By CityTownInfo.com Staff
May 18, 2009
Web sites such as Cramster.com are assisting college students with homework, but some educators worry that utilizing the sites encourages cheating.
The New York Times reports that the Internet has revolutionized the way undergraduates study. On CourseHero.com, for example, students can type in a college name and course number to access exams and research papers from previous semesters. Similarly, Cramster provides step-by-step solutions to math and science textbook problems.
Some college officials are voicing concerns about the trend. Teddi Fishman, director of the Center for Academic Integrity--part of the Rutland Institute for Ethics at Clemson University--noted that with regards to CourseHero, "There are professors who don't change their questions from semester to semester, and one of the things that this raises is how problematic that is." Fishman also pointed out that such Web sites don't allow students to struggle and practice independently, which prevents them from learning effectively.
But David J. Kim, president and chief executive officer of CourseHero, noted that the company essentially aims to create online study groups. "A student may know one or two people in their class," he said, "but we wanted to provide an online community where you could connect with students from different colleges studying the same subject."
Kim remarked that the site, which offers three million student-submitted items from 400,000 courses at more than 3,500 schools, has hundreds of thousands of registered users.
In addition to providing answers to problems from textbooks, Cramster allows users to submit questions to any of the site's 3,000 experts, who are rated for quality like sellers on eBay and Amazon.
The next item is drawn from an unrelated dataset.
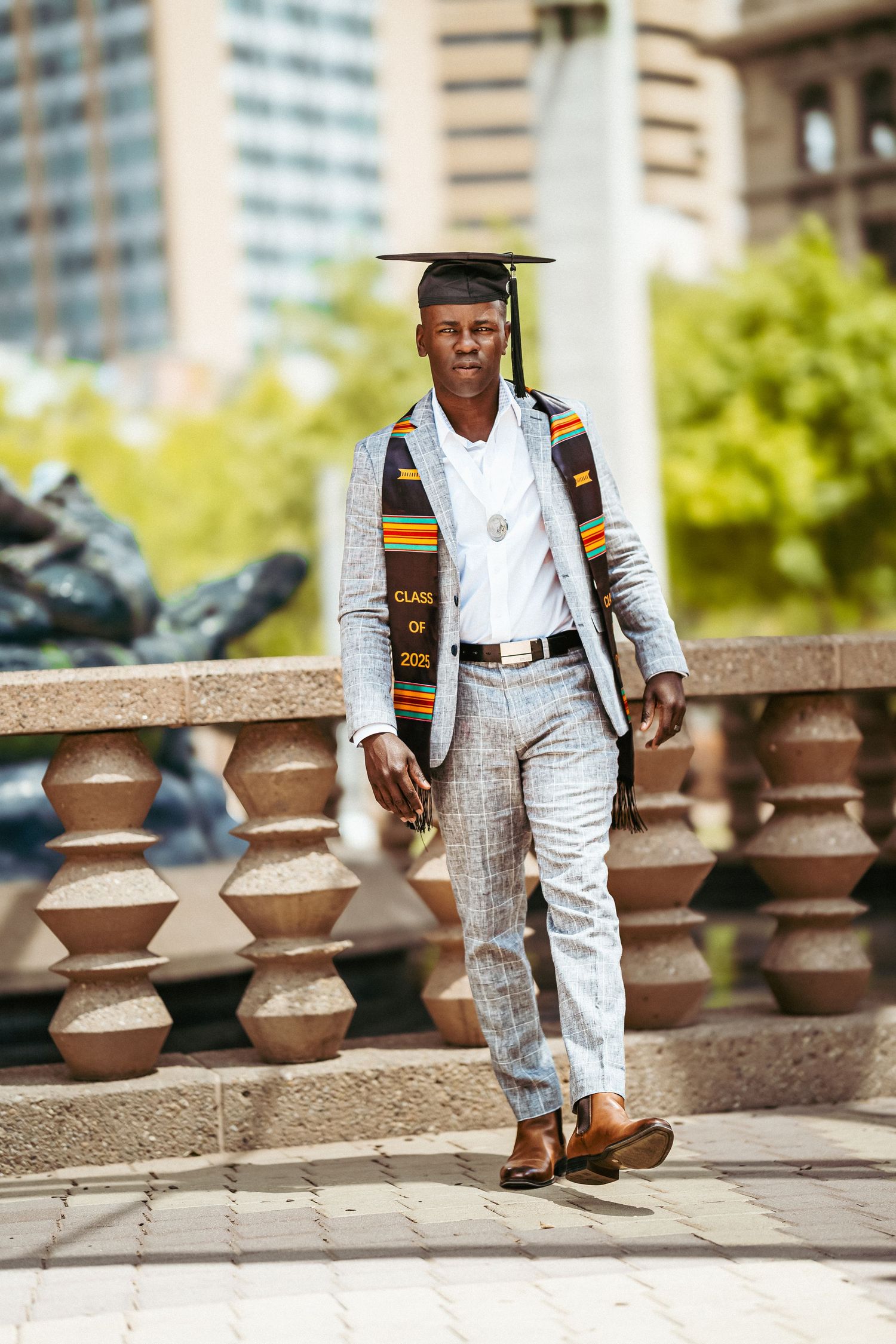 A graduate in a plaid suit and graduation cap poses confidently on stone steps near decorative concrete railings.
But Aaron Hawkey, the site's chief executive officer, admitted that students could easily abuse the system.
"Let's say I have a take-home test," he said. "We had one incident where someone posted a question on our site that was the same one on an exam."
Nevertheless, students at the State University of New York at Buffalo are increasingly turning to Cramster for study help, reports The Spectrum, the institution's student-run publication. "I'm in engineering, so it's a lot of technical and math questions," said Eric Jongsma, a sophomore. "The way I learn best is by doing a lot of problems. I can do a problem on Cramster and look up the answer. I use it more as a study tool."
Jongsma, who was also interviewed by The Times, noted that ultimately students cannot rely on the Web site to help them pass courses-a fact he learned after repeatedly copying problem solutions from Cramster for homework without fully understanding the methods. "When it came to the test, I tried to learn multiple chapters at the last minute," he said. "I failed the test."
Arnd Pralle, assistant professor of physics at UB, remarked that online study sites will probably lead to changes in how homework is assigned. "Rather than using the textbook," he told The Spectrum, "we may have to end up making all our homework ourselves or make our tests worth more points."